Here at FB&G we’ve always talked about the peaks and valleys of a season. How you have to enjoy the ride and appreciate the wins rather than expect them.

Right now, I think it’s fair to say that no one is enjoying this part of the ride as we’ve entered the deepest and darkest valley of our long journey as fans of this team.

After losing 98-92 to fall behind 3-0 in this series, the Lakers are now in a position that no NBA team has ever come back from; a place where past championship experience and pedigree mean little. It’s a tough place to be in as a fan of a team we’ve expected so much from, but here we are anyway.

As for the game itself, I thought commenter JM did a good job of summarizing the general good and bad that we saw from the Lakers:

What I did not like:
– Gasol. I can’t explain what happened to him along the way, but I am disappointed and frustrated with him, as I’m sure many also are.

– Instances of weak defensive rotations gave Dallas ample opportunities for wide open spot-up 3’s. Nowitzki had plenty of open looks, and he made us pay, as expected. The Mavericks shot 41.4% as a team. Although most of the makes (6) were in the first quarter before the Lakers made adjustments, the defense was still not good enough.

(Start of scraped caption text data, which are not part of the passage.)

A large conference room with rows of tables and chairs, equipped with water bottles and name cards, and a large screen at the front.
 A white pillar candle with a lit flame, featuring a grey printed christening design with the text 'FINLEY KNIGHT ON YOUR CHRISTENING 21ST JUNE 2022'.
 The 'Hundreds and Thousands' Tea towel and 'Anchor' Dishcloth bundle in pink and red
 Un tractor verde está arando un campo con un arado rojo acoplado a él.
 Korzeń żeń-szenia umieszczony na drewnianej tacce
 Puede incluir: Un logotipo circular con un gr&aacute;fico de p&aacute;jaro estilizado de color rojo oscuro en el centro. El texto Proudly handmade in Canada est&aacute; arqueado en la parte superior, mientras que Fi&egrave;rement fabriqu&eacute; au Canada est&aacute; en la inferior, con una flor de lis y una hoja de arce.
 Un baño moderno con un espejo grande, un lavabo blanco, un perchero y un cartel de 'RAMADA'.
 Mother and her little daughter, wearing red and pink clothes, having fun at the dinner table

– Rebounding: Oftentimes, the players who were not in the paint simply stood and watched the trajectory of the ball, as opposed to putting themselves on a body or extending their arms to block out. This might have gone unnoticed due to the fact that the interior rebounders often ran and got to the ball before the unchecked Dallas players.

– The Lakers stopped going to Drew in the second half. Bynum scored seven points (of his 21) in the second half on three buckets and a free throw. He was 3 of 5 in the second half. The last miss by Drew? 11:42 left in the fourth quarter.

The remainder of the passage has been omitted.